Rich suggested I send this to taglibs-dev -- it's a fix (I think) for problems with proxy use and following redirects with the scrape taglib. This is my first suggestion to an open source project; be kind.
Ken
--
It seemed easier to modify your code slightly to cast (perhaps a bad idea) the result of URL.openConnection instead of subclassing java.net.HttpURLConnection. Here's the bit I changed (marked with a KJM]:
(from jakarta-taglibs\scrape\src\org\apache\taglibs\scrape; you would also remove HttpConnection.java from that directory]
[...]
/**
* Create an http request for the specified URL, check to see if time has
* elapsed, if so get page, check last modified header of page, and if
* necessary make the request
*
*/
class Page extends Thread {
private java.net.HttpURLConnection connection; // object to create an http request
private long lastmodified; // time the page was last modified
private long expires; // http header = time the page expires
private URL url; // url from the page to be scraped
private PageData pagedata; // pagedata object that holds data on this url
// char array to hold the source page from the http request
private char source[];
// max size of the buffer that the http request is read into
private final long MAX_BUFFER_SIZE = 50000;
// pagecontext that the servlet resides in, used for logging to the server
private PageContext pageContext;
Page(URL url, PageData page, PageContext pc) {
this.url = url;
pagedata = page;
pageContext = pc;
}
public void run() {
long current = new Date().getTime(); // get current time
// make http connection to url
try
{
// create new HttpUrlConnection --KJM
connection = (java.net.HttpURLConnection) url.openConnection();
connection.setRequestMethod("HEAD");
connection.connect();
// set current time to time of last scrape
pagedata.setLastScrape(current);
// check response status code a code of 200 is a successful
// connection
if (connection.getResponseCode() >= 300) {
pageContext.getServletContext().
log("Error Occured: " + connection.getResponseMessage());
} else {
// get expires header
if ((expires =(long)connection.getExpiration()) == 0)

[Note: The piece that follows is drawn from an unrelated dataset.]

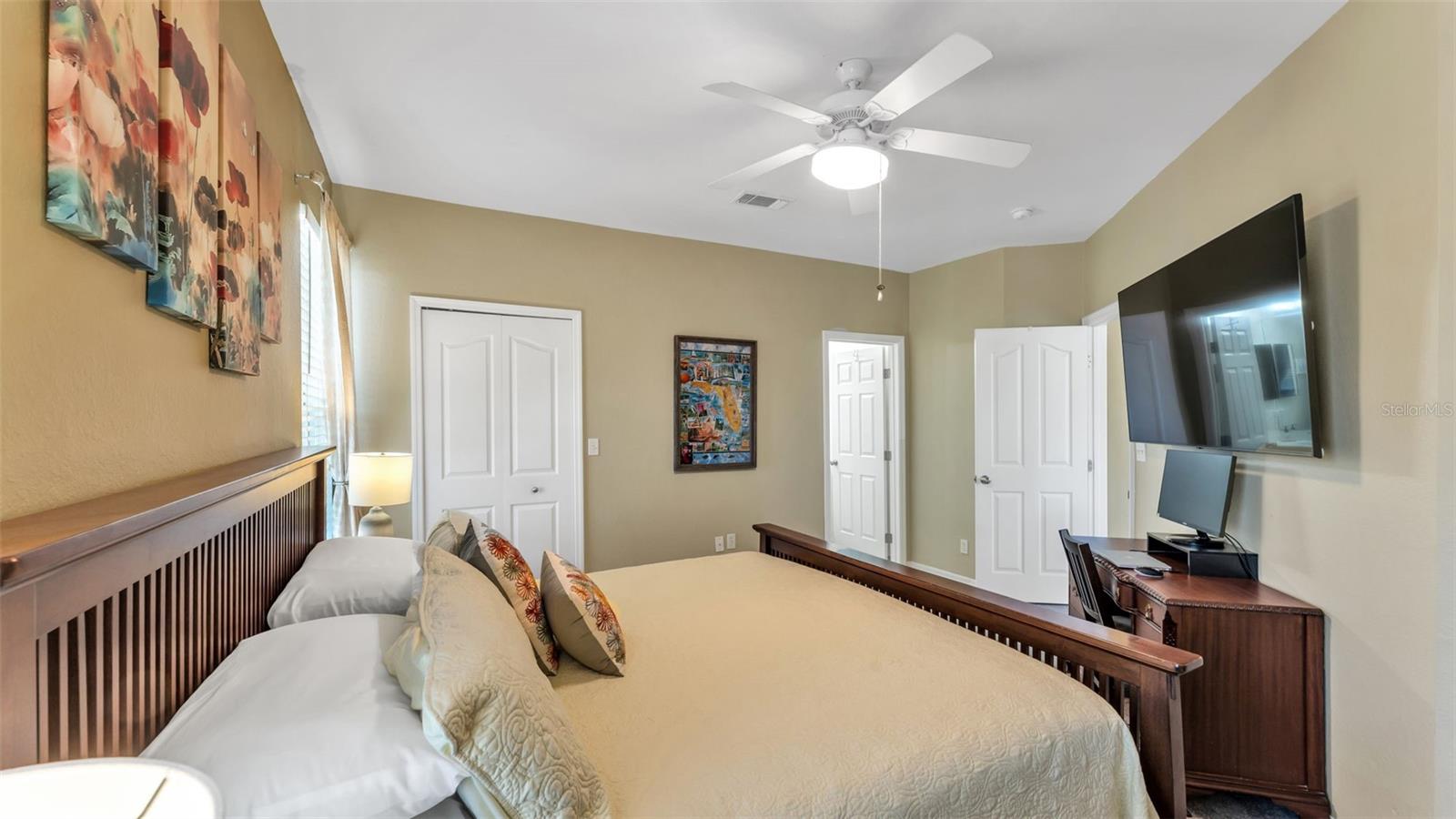 Image 27 of 50 For 8901 Legacy Court 201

// do this if header does not exist
expires = current - 1;
// check for a new scrape for this page or that the Expires
// time for the page has passed
if((current > expires) || pagedata.getnewFlag() ||
pagedata.getChangeFlag()) {
// get lastmodified header
// getLastModified returns 0 if header does not exist
if ((lastmodified = (long)connection.getLastModified()) == 0)

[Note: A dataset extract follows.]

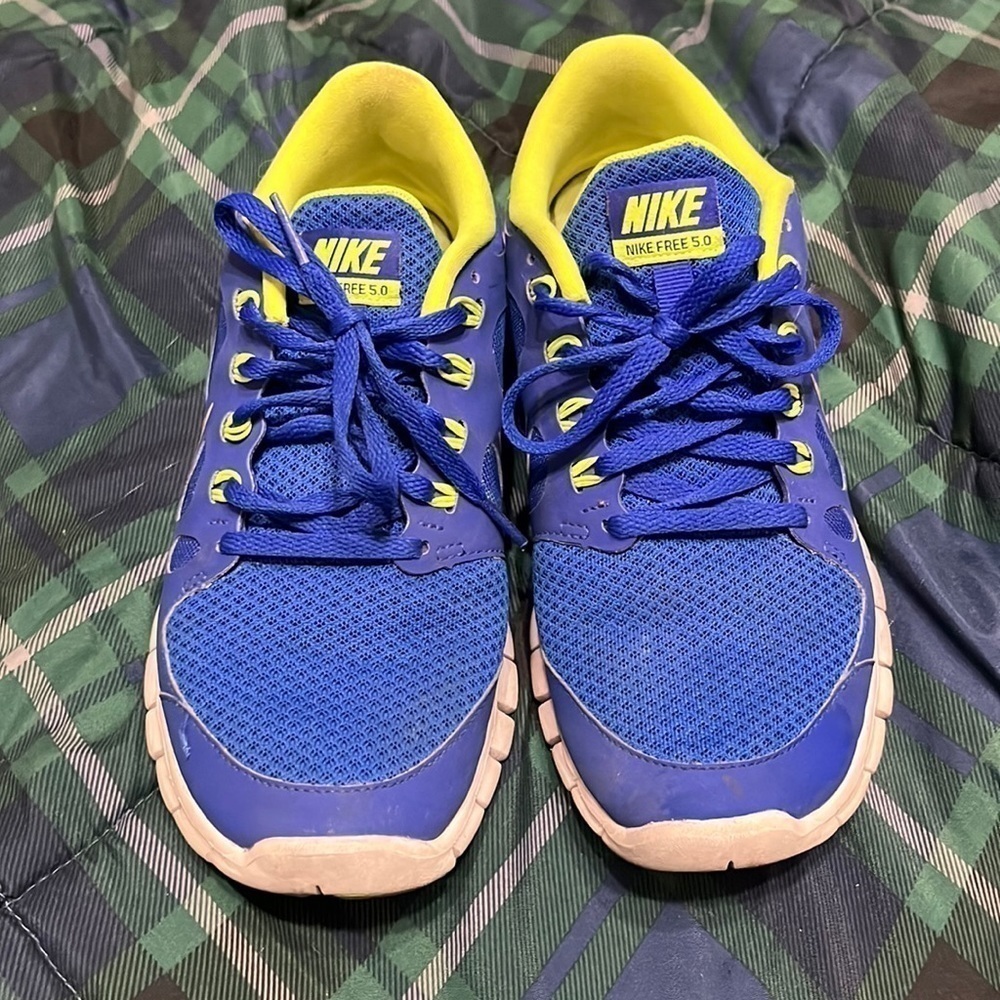 Youth Nike Free Run blue green use condition size 5.5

// do this if header does not exist
lastmodified = pagedata.getLastScrape() - 1;
// disconnect so that the connection object can be reset to
// use GET instead of HEAD
connection.disconnect();
// check for a new scrape for this page or that Last-
// Modified time for the page has passed
if ((pagedata.getLastScrape() < lastmodified) ||
pagedata.getnewFlag() || pagedata.getChangeFlag()) {
// set the request method to get
connection.setRequestMethod("GET");
// make the connection
connection.connect();
// check responce code from connection
if (connection.getResponseCode() >= 300) {
pageContext.getServletContext().
log("Error Occured: " +
connection.getResponseMessage());
// the connection did not occur return cached data
return;
}
// read http request into buffer return value is false
// if an error occured
if (streamtochararray(connection.getInputStream())) {
// perform the scrapes on this page
scrape();
}
}
}
}
}
catch (IOException ee) {
pageContext.getServletContext().
log(ee.toString());
}
}
-----Original Message-----
From: Rich Catlett [mailto:rich@more.net]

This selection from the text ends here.